DATA UNDER STUDY:
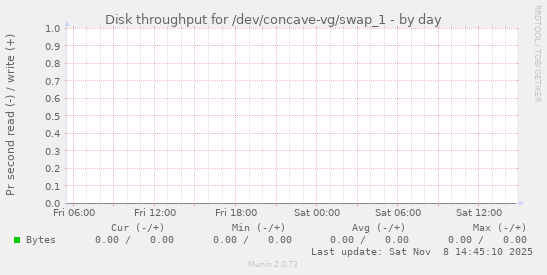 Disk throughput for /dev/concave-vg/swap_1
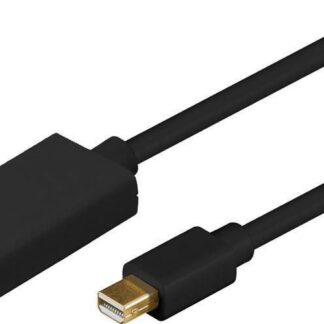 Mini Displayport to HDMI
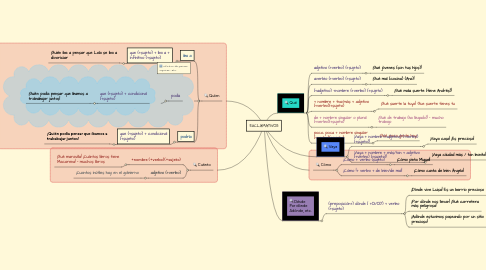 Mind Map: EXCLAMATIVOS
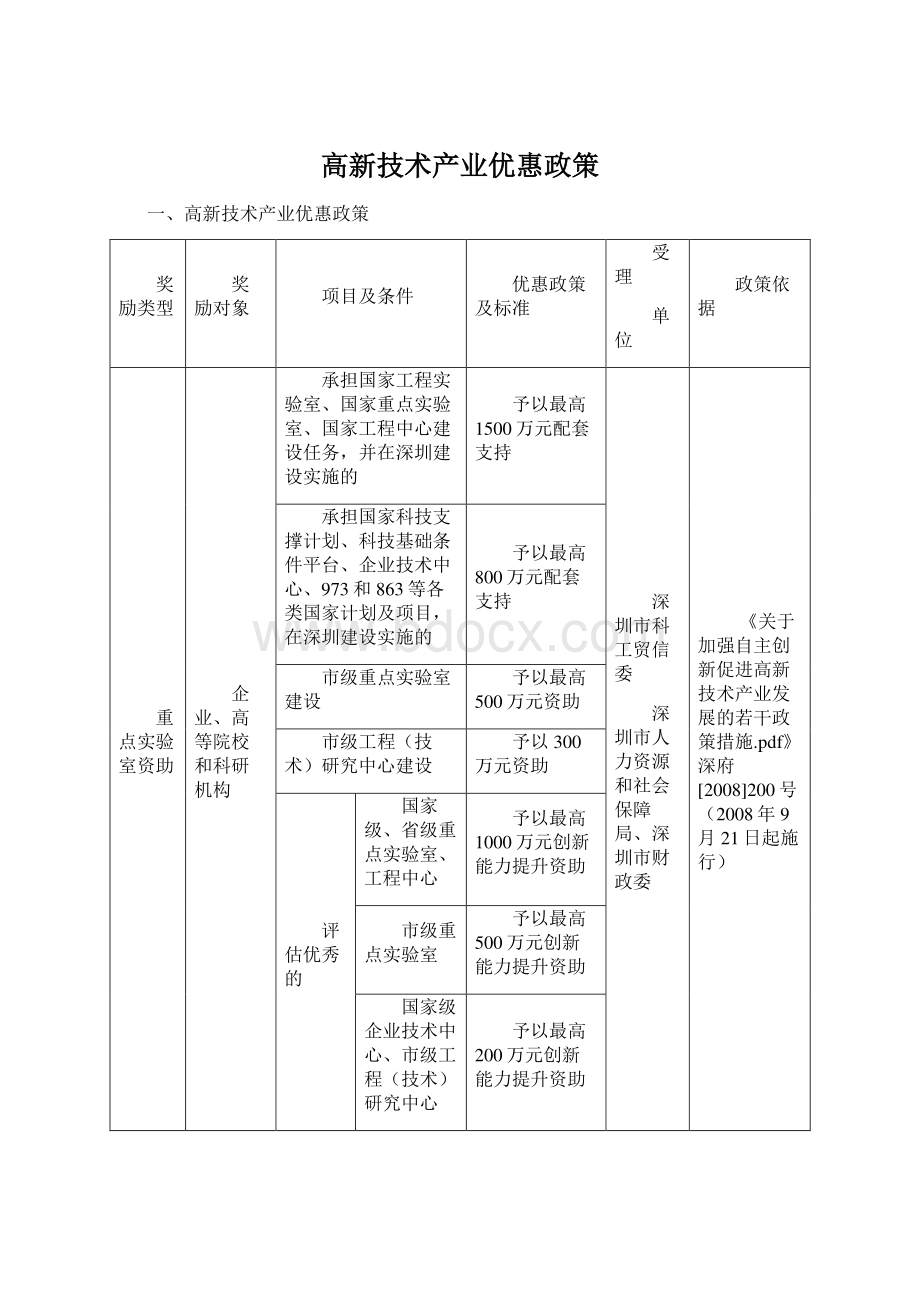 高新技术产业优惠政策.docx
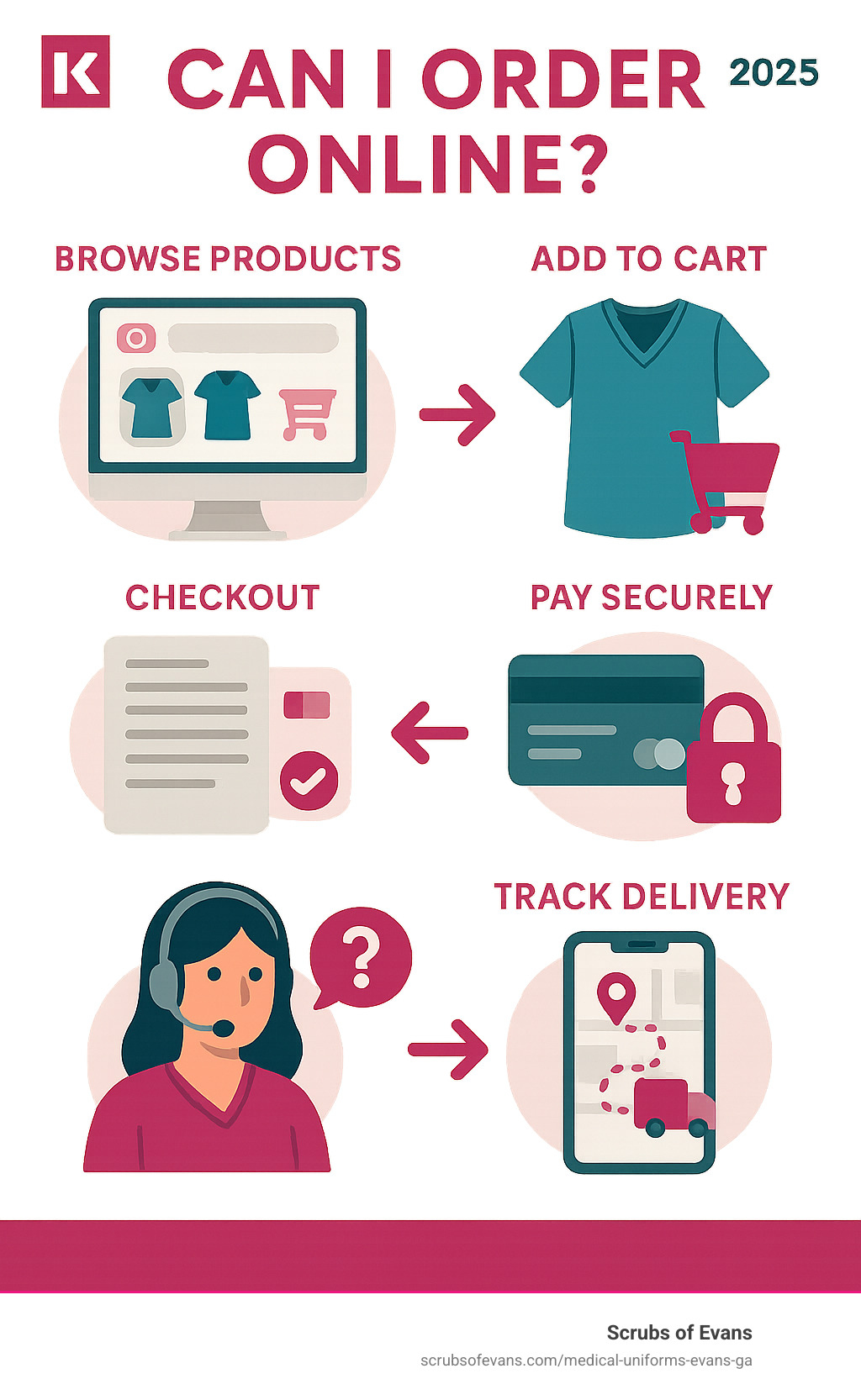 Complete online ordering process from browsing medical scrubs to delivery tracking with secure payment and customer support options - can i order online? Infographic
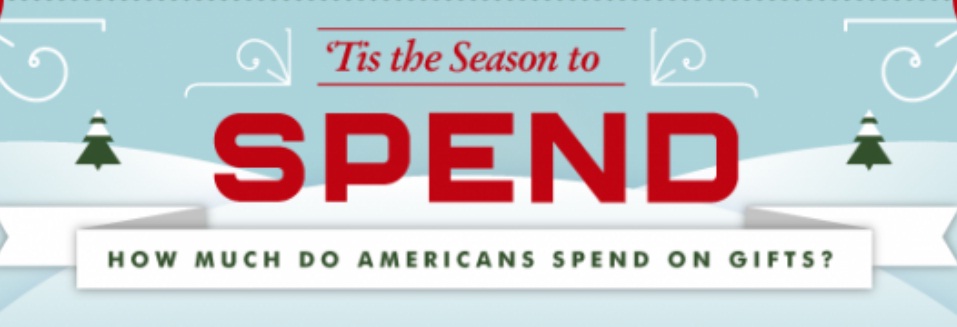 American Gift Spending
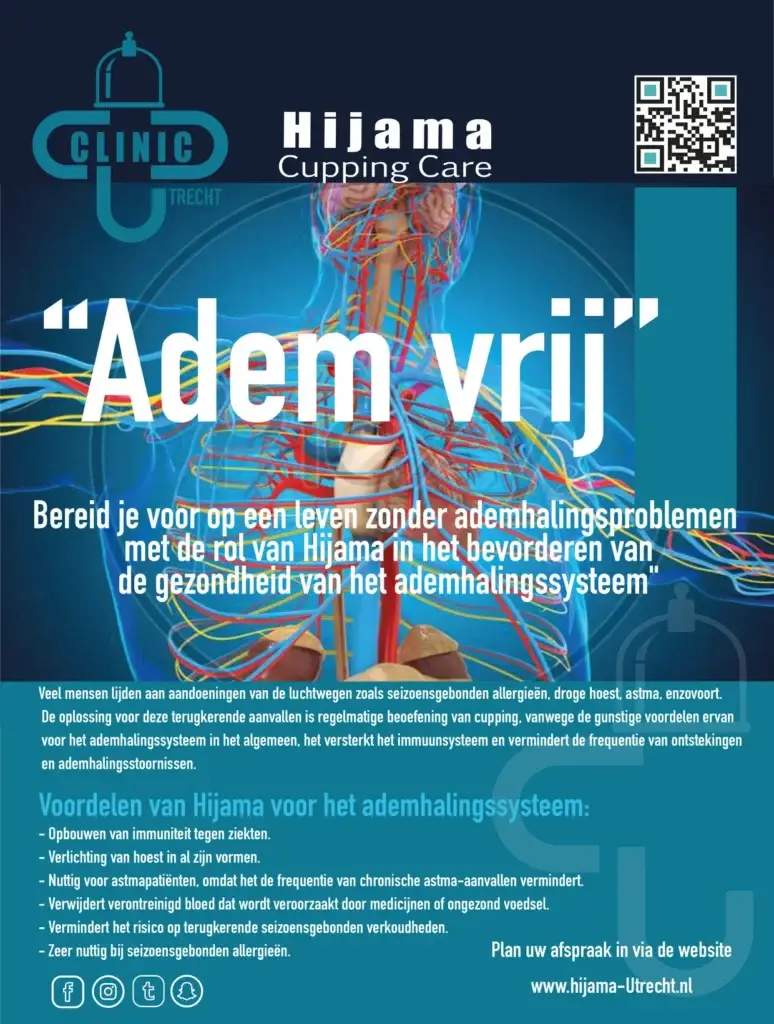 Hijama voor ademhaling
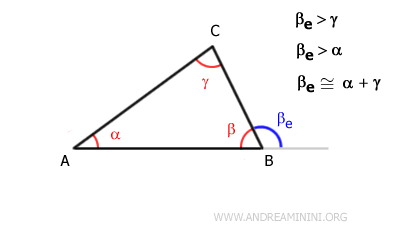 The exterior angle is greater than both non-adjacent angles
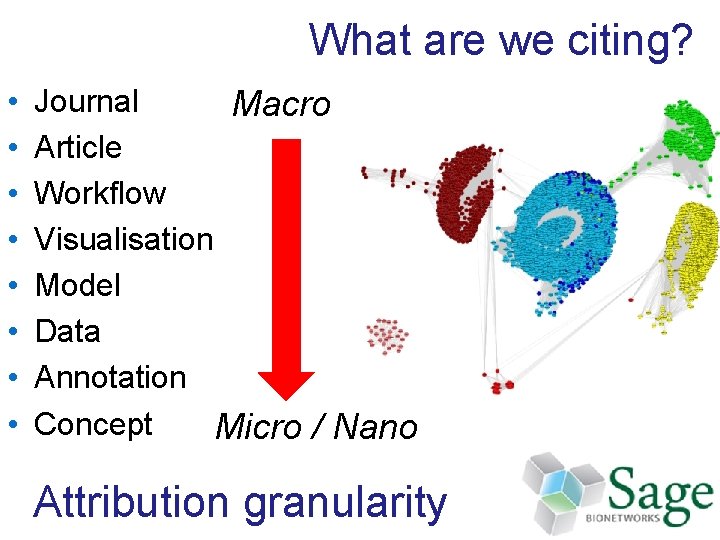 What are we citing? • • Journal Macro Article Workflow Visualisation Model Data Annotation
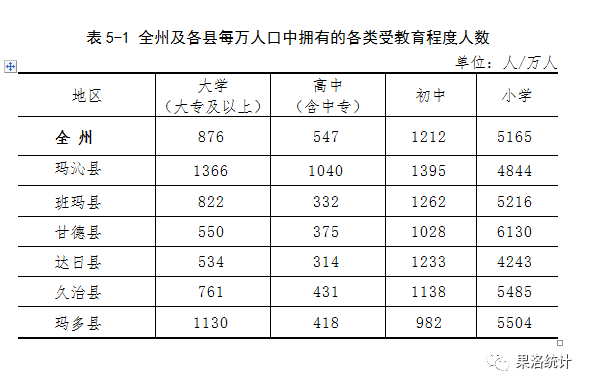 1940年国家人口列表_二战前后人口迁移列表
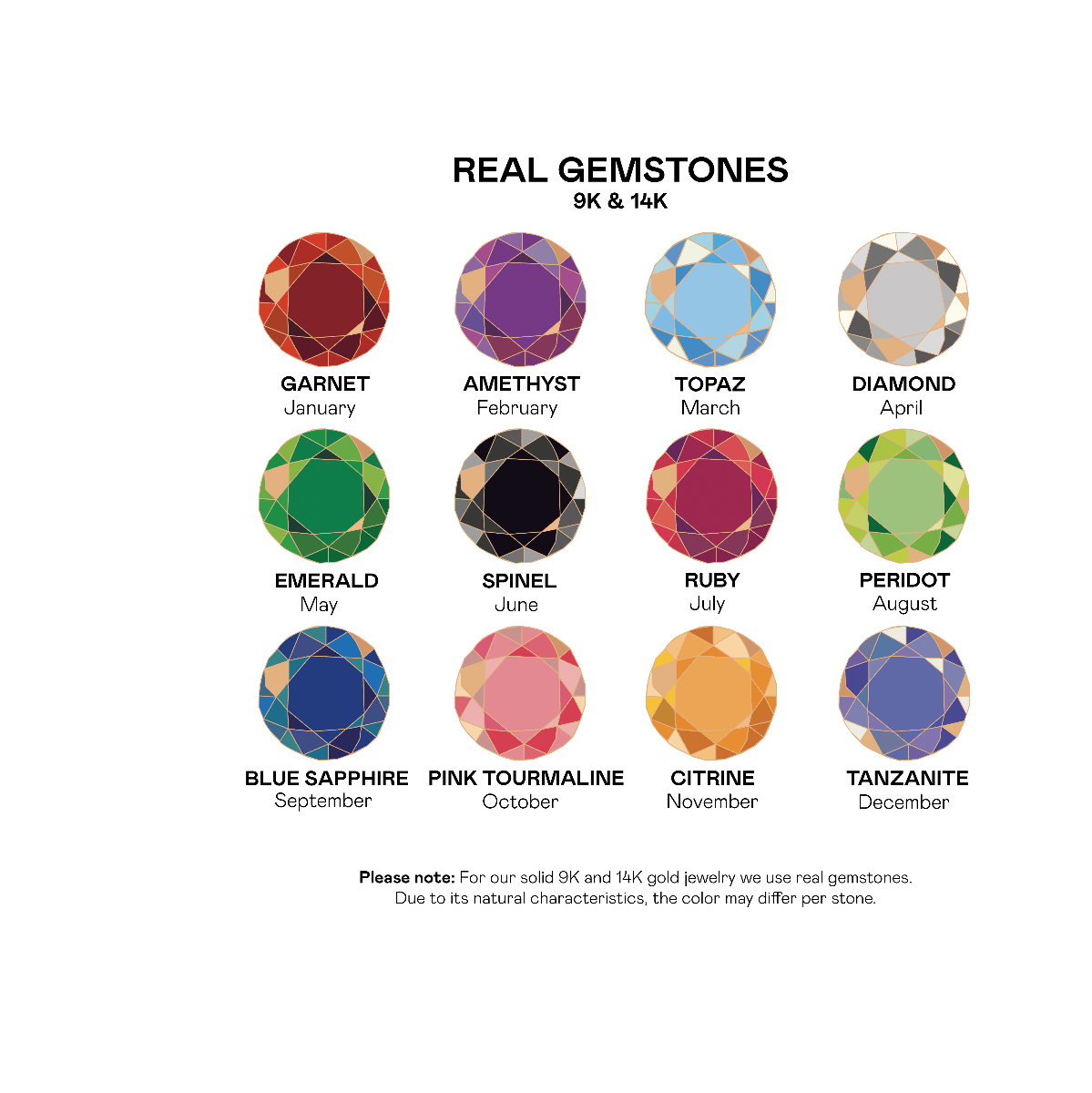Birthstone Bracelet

EXERCISE OBJECTIVE:
If an entry contains an image, skip the image and return the rest of the listing unchanged.

ANSWER BOX:
 Disk throughput for /dev/concave-vg/swap_1
 Mini Displayport to HDMI
 Mind Map: EXCLAMATIVOS
 高新技术产业优惠政策.docx
 Complete online ordering process from browsing medical scrubs to delivery tracking with secure payment and customer support options - can i order online? Infographic
 American Gift Spending
 Hijama voor ademhaling
 The exterior angle is greater than both non-adjacent angles
 What are we citing? • • Journal Macro Article Workflow Visualisation Model Data Annotation
 1940年国家人口列表_二战前后人口迁移列表
Birthstone Bracelet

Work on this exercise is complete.